● **Image-caption web data**

-------------------------

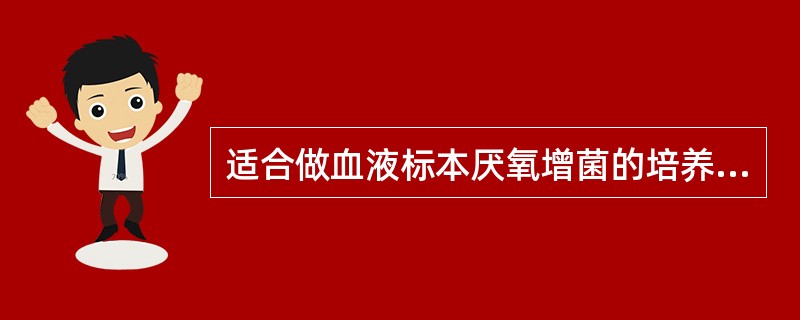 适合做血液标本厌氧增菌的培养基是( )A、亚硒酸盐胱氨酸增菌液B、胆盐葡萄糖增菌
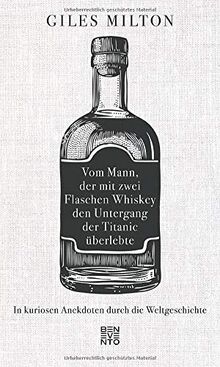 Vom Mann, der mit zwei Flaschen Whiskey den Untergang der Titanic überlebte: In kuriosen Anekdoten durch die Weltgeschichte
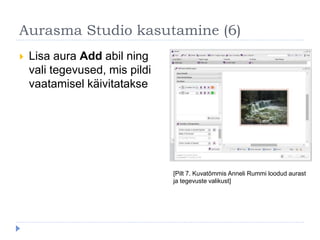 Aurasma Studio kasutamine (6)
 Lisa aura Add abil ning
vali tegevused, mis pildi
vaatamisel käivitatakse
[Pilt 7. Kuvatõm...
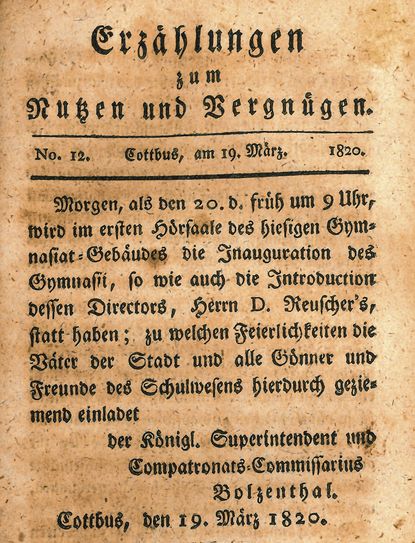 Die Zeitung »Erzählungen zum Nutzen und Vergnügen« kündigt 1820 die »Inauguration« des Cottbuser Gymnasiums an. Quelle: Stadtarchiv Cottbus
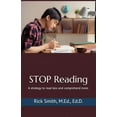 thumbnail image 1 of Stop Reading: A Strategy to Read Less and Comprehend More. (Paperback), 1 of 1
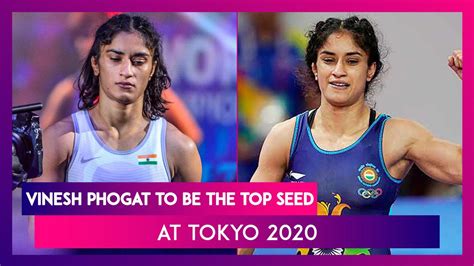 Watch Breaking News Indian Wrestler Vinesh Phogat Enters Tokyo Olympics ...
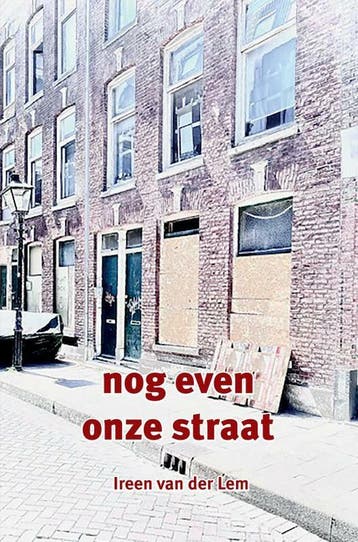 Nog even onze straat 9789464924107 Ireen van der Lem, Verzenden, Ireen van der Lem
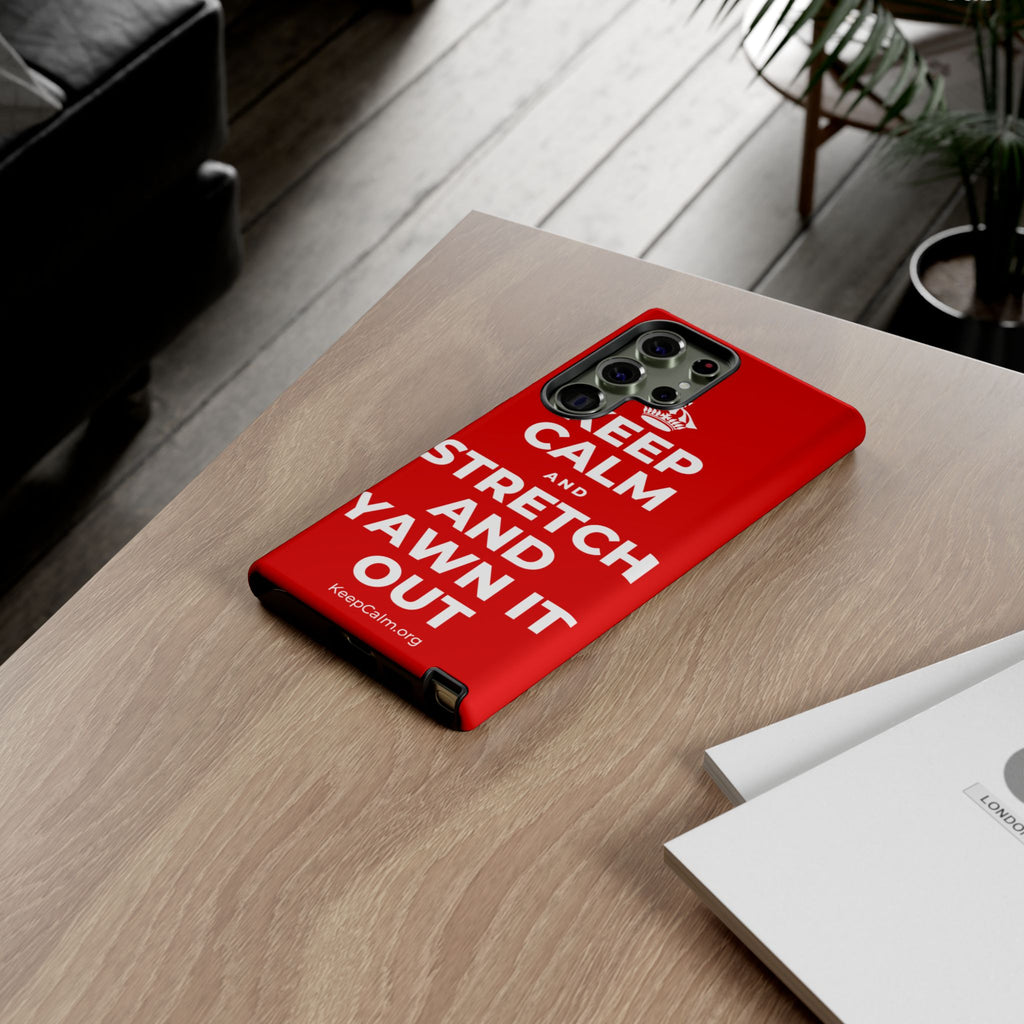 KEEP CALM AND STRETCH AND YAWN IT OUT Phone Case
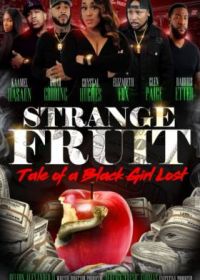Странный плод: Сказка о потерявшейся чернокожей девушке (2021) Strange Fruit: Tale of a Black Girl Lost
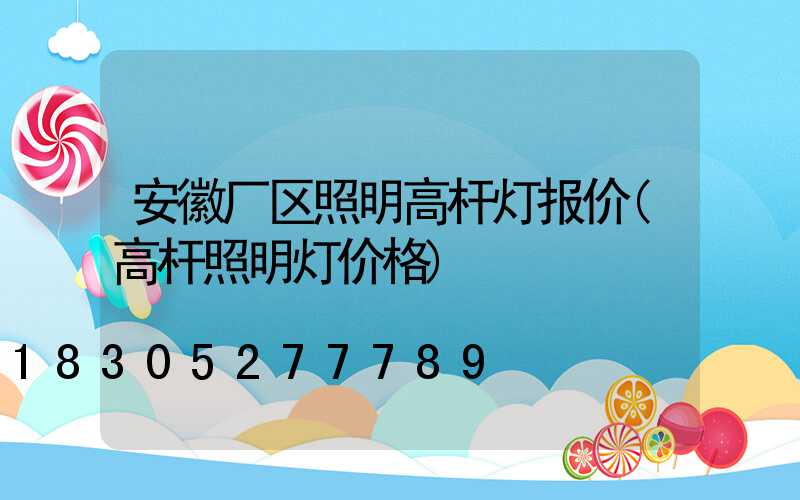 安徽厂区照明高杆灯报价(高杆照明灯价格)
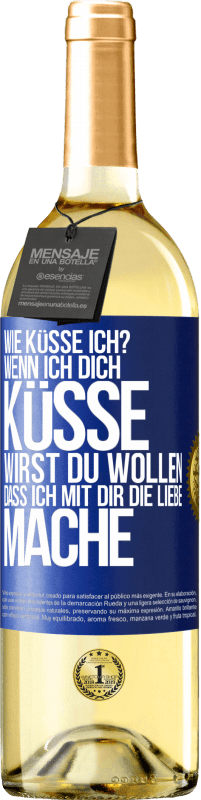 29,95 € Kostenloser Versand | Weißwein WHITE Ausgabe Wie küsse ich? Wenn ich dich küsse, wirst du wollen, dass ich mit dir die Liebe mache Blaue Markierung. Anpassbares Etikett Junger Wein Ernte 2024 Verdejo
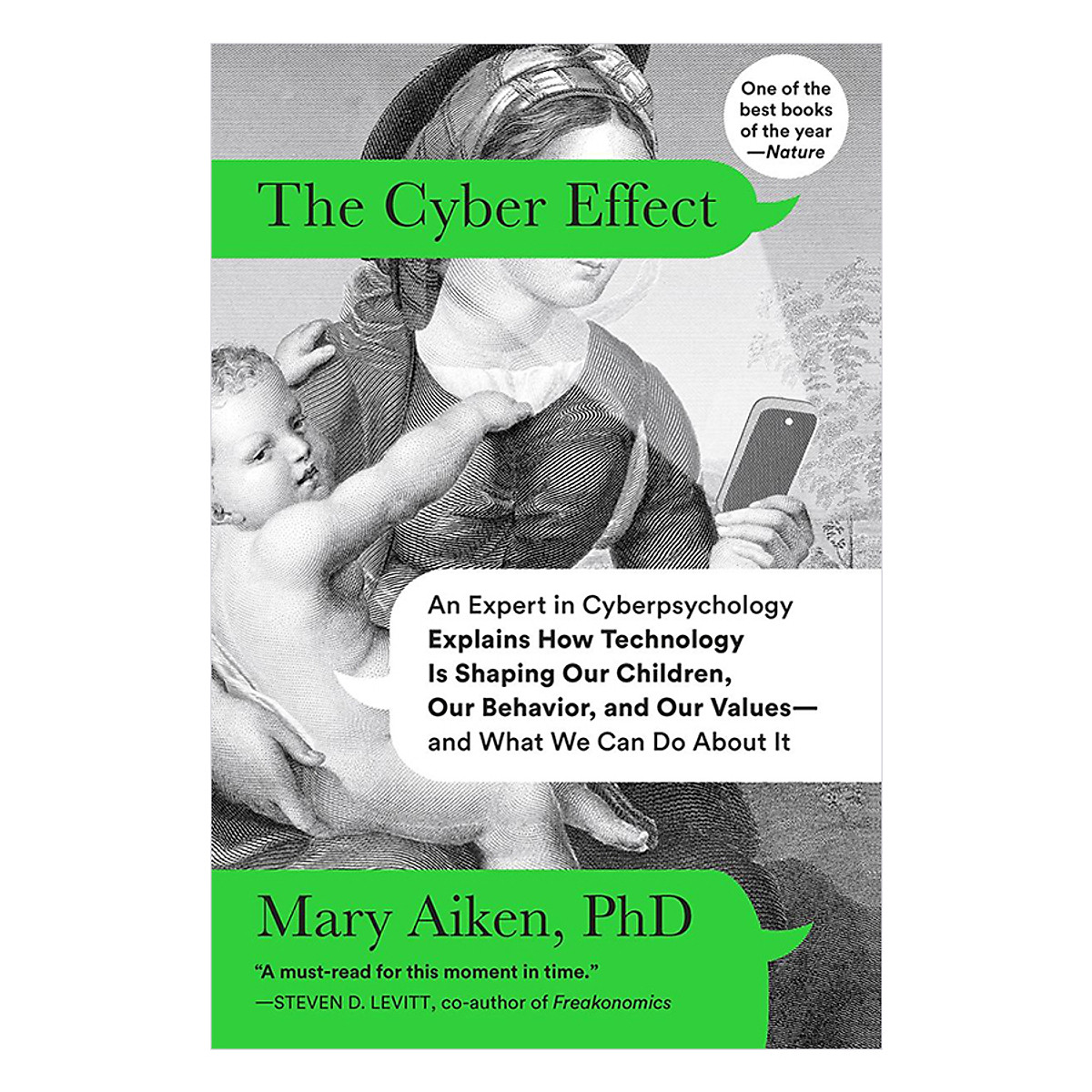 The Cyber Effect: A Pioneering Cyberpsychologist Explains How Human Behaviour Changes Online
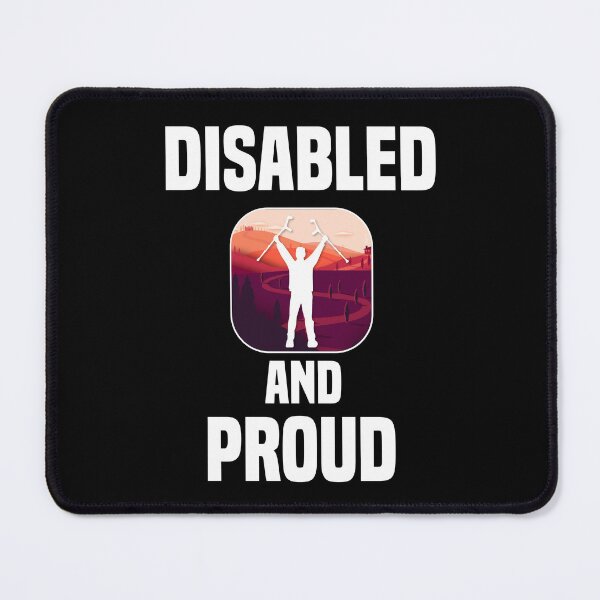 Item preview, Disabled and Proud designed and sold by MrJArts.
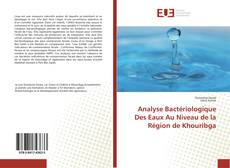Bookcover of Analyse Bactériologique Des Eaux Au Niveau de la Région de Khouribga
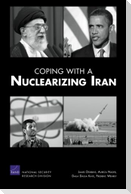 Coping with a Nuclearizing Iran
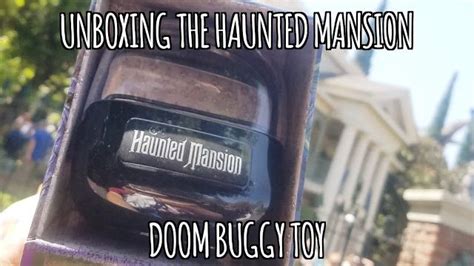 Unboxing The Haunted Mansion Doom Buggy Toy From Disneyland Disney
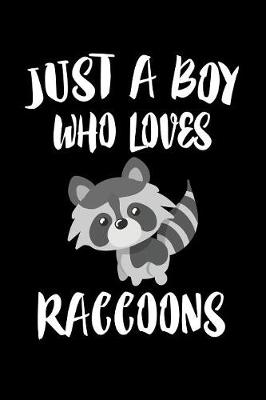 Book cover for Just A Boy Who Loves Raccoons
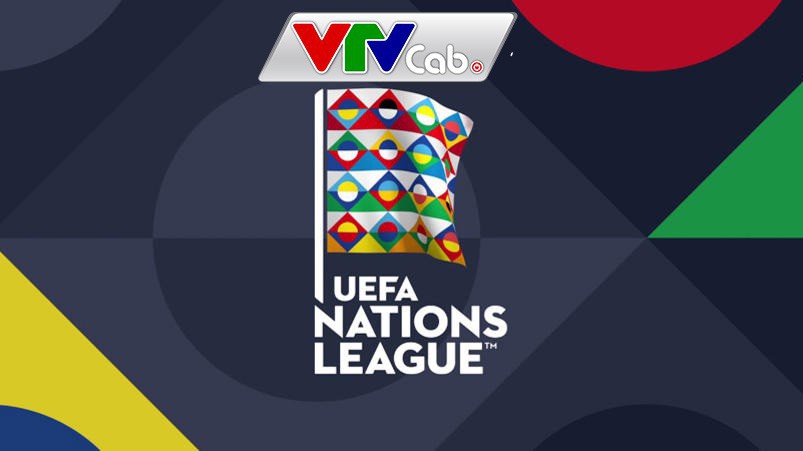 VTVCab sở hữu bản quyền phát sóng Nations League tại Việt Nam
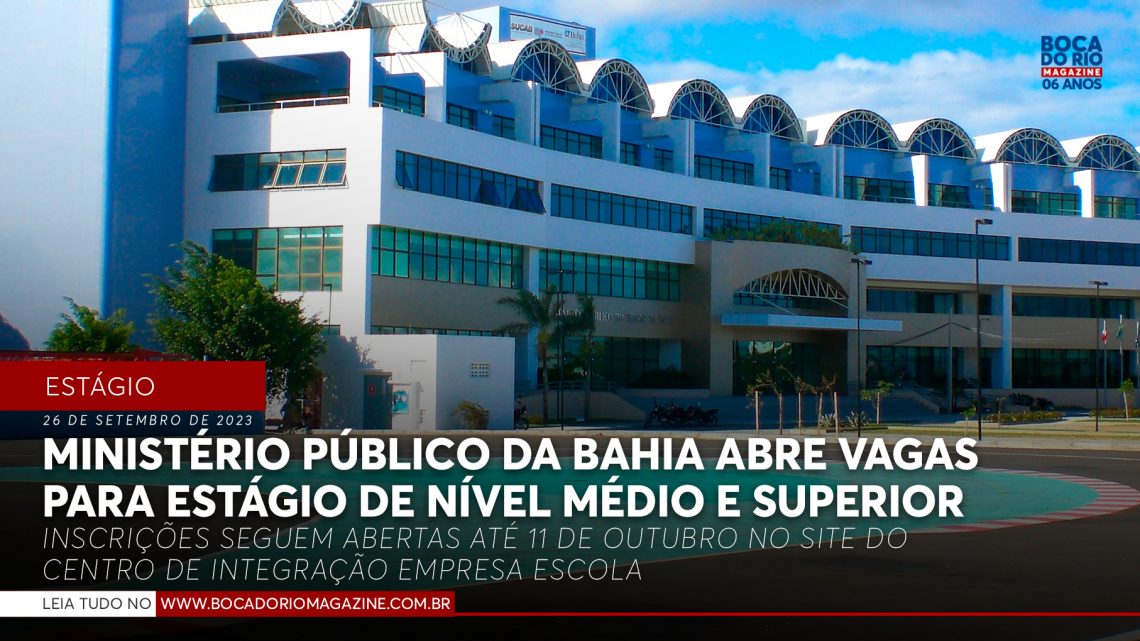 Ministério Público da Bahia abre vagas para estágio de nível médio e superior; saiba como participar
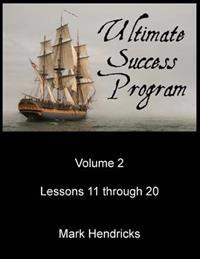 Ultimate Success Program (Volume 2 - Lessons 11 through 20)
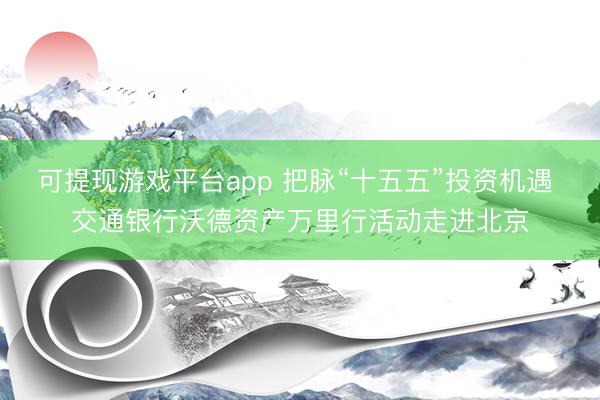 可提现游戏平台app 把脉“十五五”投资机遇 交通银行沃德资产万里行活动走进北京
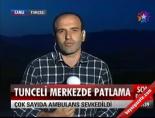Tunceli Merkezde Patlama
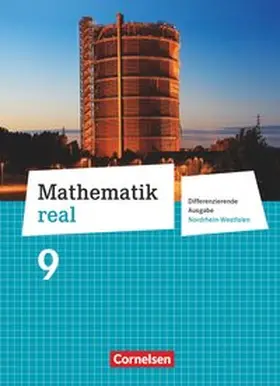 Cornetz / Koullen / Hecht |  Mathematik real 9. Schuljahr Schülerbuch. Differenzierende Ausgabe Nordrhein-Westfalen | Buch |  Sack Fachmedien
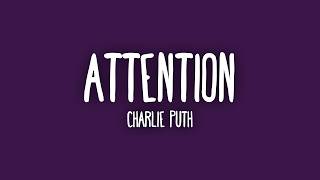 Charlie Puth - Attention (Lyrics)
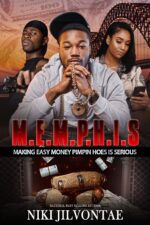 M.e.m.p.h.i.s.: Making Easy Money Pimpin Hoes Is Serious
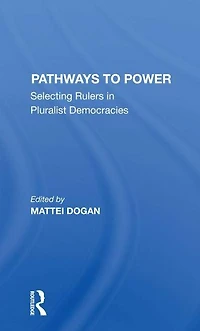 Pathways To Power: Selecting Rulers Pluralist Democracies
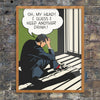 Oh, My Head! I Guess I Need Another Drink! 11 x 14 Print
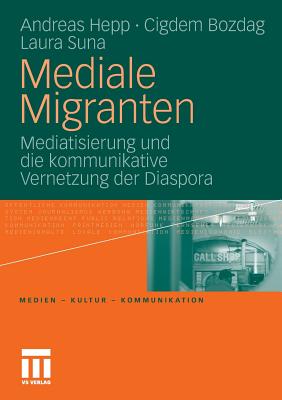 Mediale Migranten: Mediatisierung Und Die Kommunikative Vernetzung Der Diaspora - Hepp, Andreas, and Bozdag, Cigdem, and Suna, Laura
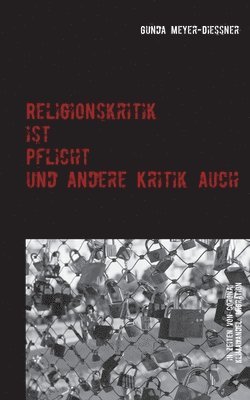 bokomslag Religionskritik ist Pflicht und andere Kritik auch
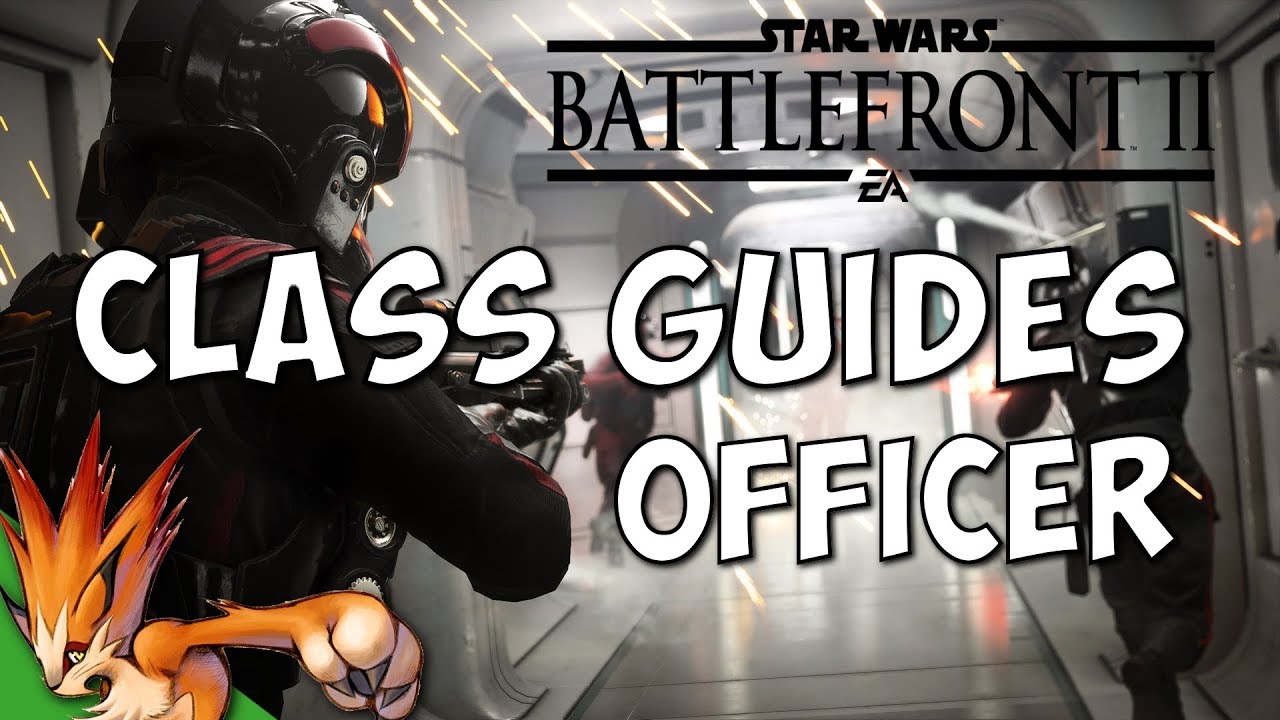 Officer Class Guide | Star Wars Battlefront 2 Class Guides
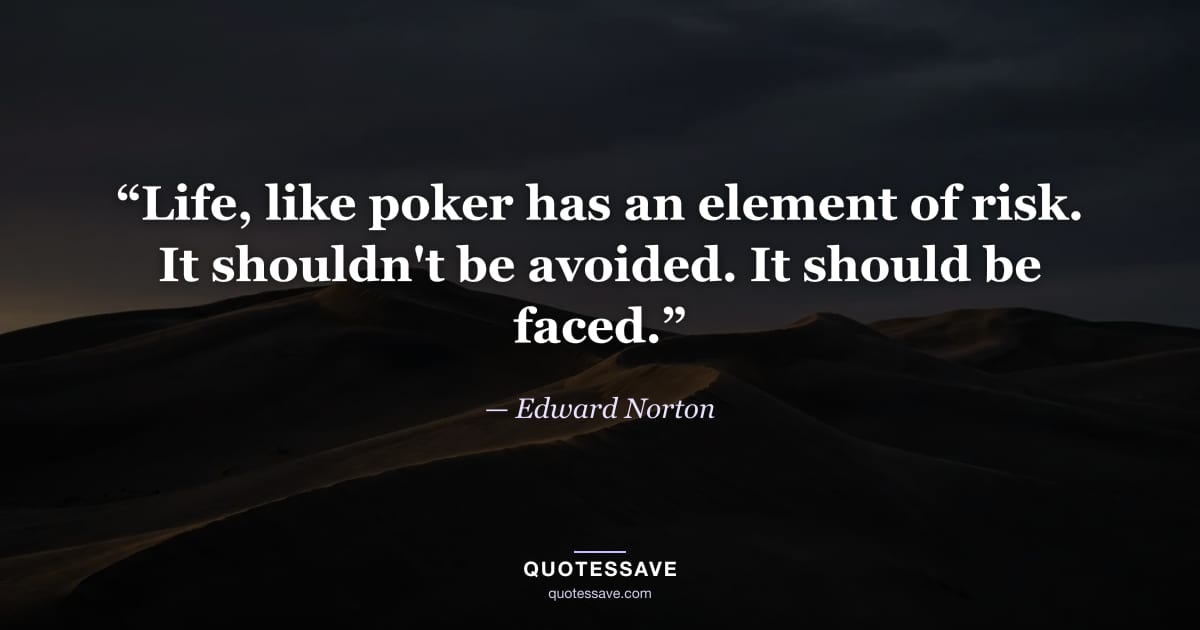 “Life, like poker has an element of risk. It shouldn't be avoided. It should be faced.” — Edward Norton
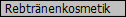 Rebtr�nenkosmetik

-------------------------

● **ABOUT THIS TASK**
Nothing but the lines above from the one that has "vaatamisel käivitatakse" down to the one that has "安徽厂区照明高杆灯报价(高杆照明灯价格)" belongs in the answer, copied exactly, without pictures.

● **EXPECTED ANSWER**
vaatamisel käivitatakse
[Pilt 7. Kuvatõm...
 Die Zeitung »Erzählungen zum Nutzen und Vergnügen« kündigt 1820 die »Inauguration« des Cottbuser Gymnasiums an. Quelle: Stadtarchiv Cottbus
 thumbnail image 1 of Stop Reading: A Strategy to Read Less and Comprehend More. (Paperback), 1 of 1
 Watch Breaking News Indian Wrestler Vinesh Phogat Enters Tokyo Olympics ...
 Nog even onze straat 9789464924107 Ireen van der Lem, Verzenden, Ireen van der Lem
 KEEP CALM AND STRETCH AND YAWN IT OUT Phone Case
Странный плод: Сказка о потерявшейся чернокожей девушке (2021) Strange Fruit: Tale of a Black Girl Lost
 安徽厂区照明高杆灯报价(高杆照明灯价格)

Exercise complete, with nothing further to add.